Cryo-EM is a powerful structural tool for analyzing dynamic protein behavior. Preserving proteins in a thin and rapidly frozen aqueous layer can maintain their structure and enable visualization of multiple conformations. Coupled with computational approaches that enhance the detection of rare states, cryo-EM can be an effective way to capture the dynamic behavior of enzymes. Previous cryo-EM studies of soluble ACE suggested a flexible structure but lacked molecular details, likely due to protein damage during sample preparation (Lubbe et al., 2022).

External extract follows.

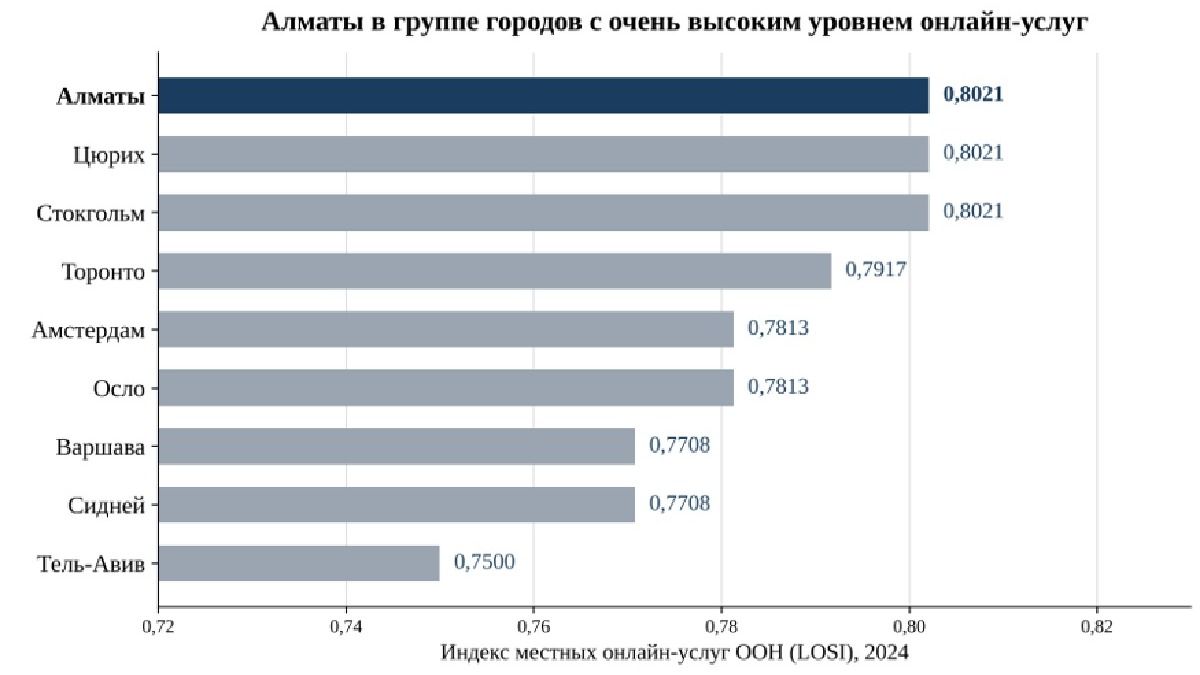 Индекс местных онлайн-услуг ООН 2024, Алматы и города мира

Mancl et al. demonstrated that soluble ACE adopts different conformations in its catalytic domains, providing potential insights into how it binds various peptide substrates. Each catalytic domain consists of three subdomains, whose relative positions regulate access to the catalytic “pocket” where the substrate binds and is modified by ACE (Figure 1A). Based on interdomain distances within this pocket, the researchers identified three domain-specific conformational states: open, intermediate and closed. ACE-N was more flexible than ACE-C, being observed in all three states, while ACE-C was consistently either in the intermediate or closed state (Figure 1B). Both domains use hydrophobic interactions to stabilize the closed state. However, the reduced hydrophobic interface in ACE-N likely favors more open states.

Mancl et al. also explored the dimerization interface in soluble ACE. They showed that although ACE-N and ACE-C share the same overall fold, distinct residues mediate the formation of the homodimer, with ACE-N forming more extensive contacts. N-terminal glycosylation further reinforces ACE-N dimerization, whereas fewer interactions and a lesser contribution from glycosylation in ACE-C could explain its reduced stability and tendency to denature during structural studies.

To further probe soluble ACE dynamics, Mancl et al. mapped the motions of the catalytic domains by combining multiple cryo-EM heterogeneity analysis approaches and molecular dynamics simulations. They found that each dimer moves independently, with dynamics dominated by opening and closing of the catalytic pockets, rather than large displacement between the domains (Figure 1B). Although the dimerization subdomains remain highly stable, Mancl et al. suggest that the connection between them could govern allosteric communication between ACE-N and ACE-C. Together, these results suggest that dimerization stabilizes the enzyme, while subdomain mobility governs substrate binding (Lubbe et al., 2022).

These findings support a model in which ACE uses an open–close substrate capture mechanism, and the distinct conformational states of ACE-N and ACE-C likely underlie their substrate specificities. Greater flexibility in ACE-N could explain why it favors larger peptides such as amyloid β (Larmuth et al., 2016). These mechanistic insights point to refined therapeutic strategies, where rather than fully inhibiting ACE, drugs could modulate domain dynamics to influence substrate specificity.

The work of Mancl et al. elegantly combines structural biology with computational approaches to sketch a coherent model of protein dynamics, and to propose a new rationale for therapeutic targeting. While studies of soluble ACE bound to its substrates will be needed to fully understand its function, Mancl et al. establish a framework for others to use when studying ACE and other enzyme dynamics.